Work order:
An unchanged copy of every record below, without pictures, is the goal.

Source data:
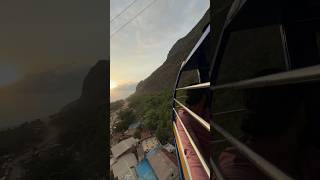 Raigad Ropeway Thrilling Experience 🔥raigad shivrajabhishek shivajimaharaj [upl. by Elletnwahs]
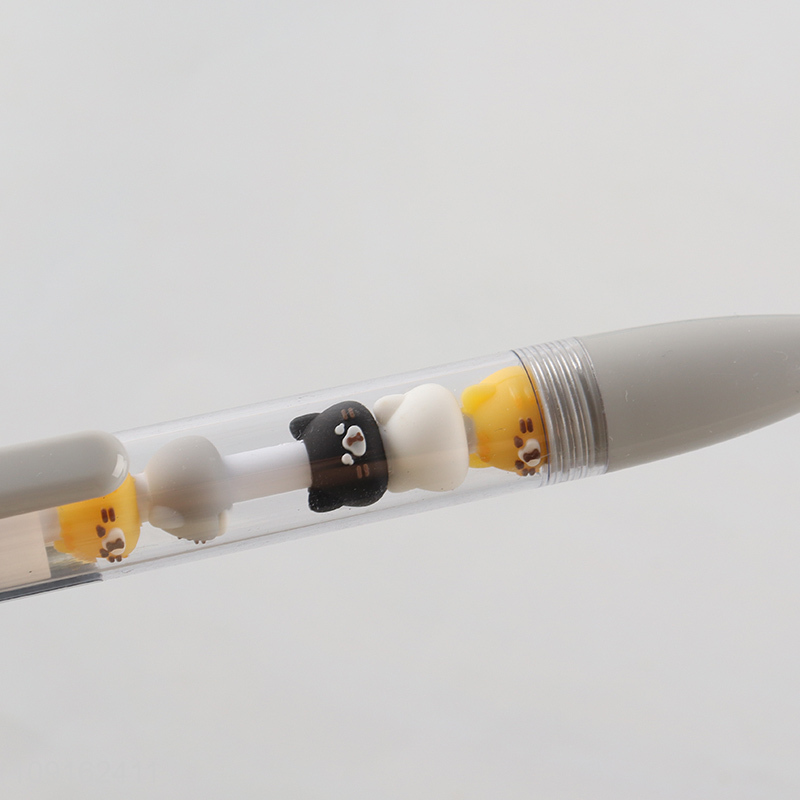 Top products cartoon students stationery cat diary string pen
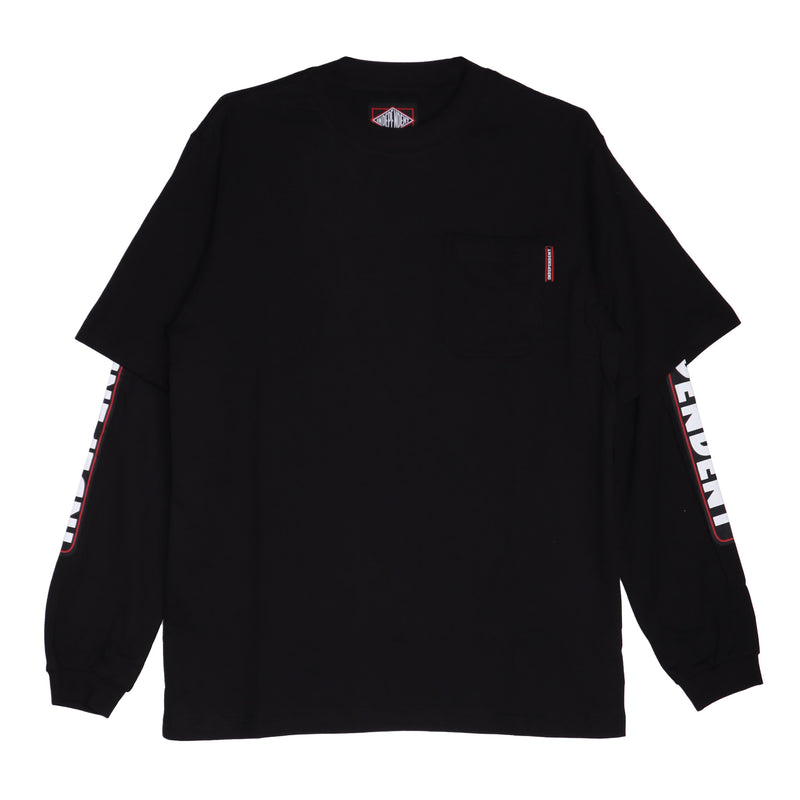 BAR LOGO 2FER L/S TEE 44643266 長袖Tシャツ
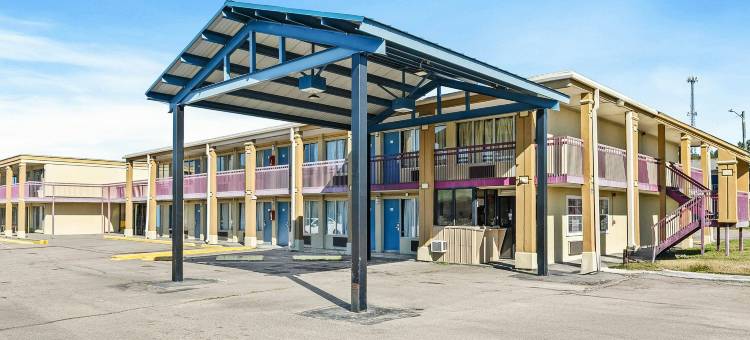 哈蒂斯堡，密西西比豪华酒店 By Hotel O(Luxury Inn By Hotel O Hattiesburg, MS)图片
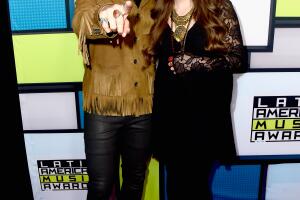 Telemundo's Latin American Music Awards 2015 - Press Room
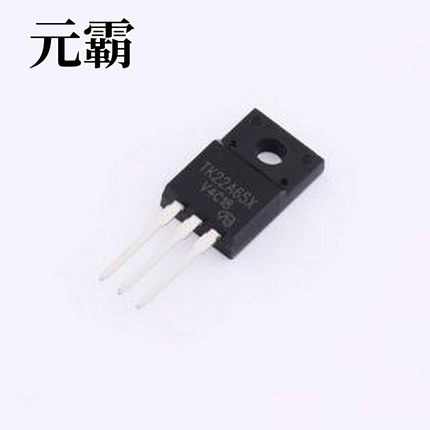 TK22A65X-VB 场效应管(MOSFET) 1个N沟道 耐压:650V 电流:26A TO-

Task solution:
 Raigad Ropeway Thrilling Experience 🔥raigad shivrajabhishek shivajimaharaj [upl. by Elletnwahs]
 Top products cartoon students stationery cat diary string pen
 BAR LOGO 2FER L/S TEE 44643266 長袖Tシャツ
 哈蒂斯堡，密西西比豪华酒店 By Hotel O(Luxury Inn By Hotel O Hattiesburg, MS)图片
 Telemundo's Latin American Music Awards 2015 - Press Room
 TK22A65X-VB 场效应管(MOSFET) 1个N沟道 耐压:650V 电流:26A TO-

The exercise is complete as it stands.